Lecco, 2 febbario 2012 - Pubblica frasi razziste su Facebook e per questo viene punito con lavori socialmente utili. L’episodio è accaduto nelle ultime settimane e ha come protagonista uno studente minorenne iscritto a un istituto superiore lecchese. Il ragazzo infatti ha pubblicato sulla sua bacheca del social network Facebook alcune frasi irriguardose a sfondo razzista verso stranieri e immigrati. L’intervento però è stato letto da molte persone, tra cui compagni di scuola che lo hanno minacciato e, qualche giorno dopo, il minore si è ritrovato attorniato da alcuni compagni fuori dall’istituto; la spedizione punitiva si è fortunatamente limitata a intimorire il ragazzo, senza ricorrere all’uso della violenza fisica.


Qui è intervenuto il dirigente scolastico: il caso infatti è finito sulla sua scrivania e quindi ha deciso di convocare immediatamente un consiglio di classe straordinario per affrontare il caso e prendere provvedimenti disciplinari nei confronti del giovane razzista. Il preside ha riflettuto sull’accaduto e ha poi decretato una punizione originale: al posto della più consueta sospensione lo studente dovrà svolgere un periodo di lavori socialmente utili in una cooperativa. Sia il ragazzo sia la sua famiglia hanno accettato la punizione proposta dal dirigente.

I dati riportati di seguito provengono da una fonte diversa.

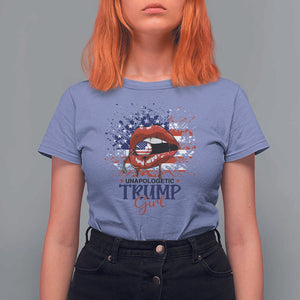 Unapologetic Trump Girl T Shirt For Women Red Lips Cherry American Flag TS11 Violet Print Your Wear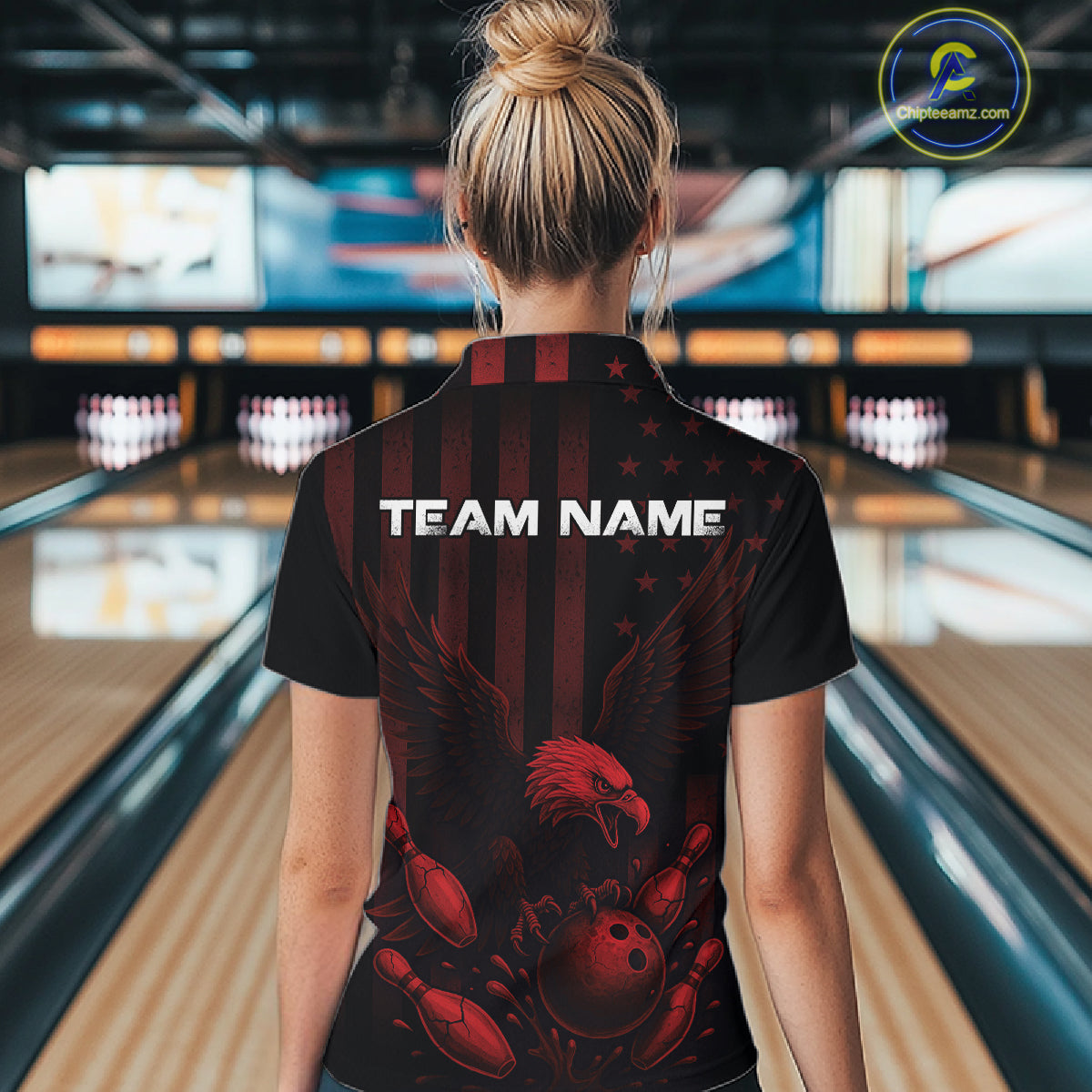 Black and Red American Flag Eagle Bowling Shirt For Women Custom Patriotic Team bowling jerseys NQS10480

«La possibilità di proporre i lavori socialmente utili arriva dallo statuto degli studenti – spiega la vicepreside dell’istituto –. Chi ha sbagliato ora andrà a lavorare in una cooperativa che si occupa di diversamente abili e persone di varie estrazioni sociali. Lo studente ha accettato di buon grado la punizione alternativa, ma bisognerà vedere come la prenderà appena comincia il periodo di lavoro; infatti se al momento non ha avuto grossi problemi ad accettare il volontariato, ora dovrà riuscire a superare la barriera psicologica che sicuramente avrà nel lavorare con persone diverse. Solo dopo il periodo nella cooperativa si potrà rendere conto dello sbaglio che ha commesso».
 

Già da questa settimana il minore dovrebbe iniziare il suo impegno che, si spera, lo faccia riflettere su ciò che ha fatto. «I ragazzi purtroppo non si rendono conto che l’insulto su Facebook è diverso da quello detto in faccia – continua la vicepreside –. I giovani devono rendersi conto che tutto quello che viene scritto sui social network può essere letto in qualsiasi parte del mondo». Intanto il preside dell’istituto, che ha preso la decisione della singolare punizione, tiene a precisare: «Quello che ha scritto il ragazzo sulla sua bacheca di Facebook non l’ho visto di persona, quindi al riguardo non posso dire nulla. So solo che il giovane ha provveduto immediatamente a cancellare tutto quanto, ha ammesso le sue colpe e ha chiesto scusa. Ora ci auguriamo che la
famiglia faccia in modo che la punizione avvenga nei termini e nei modi accordati e che il ragazzo impari la lezione».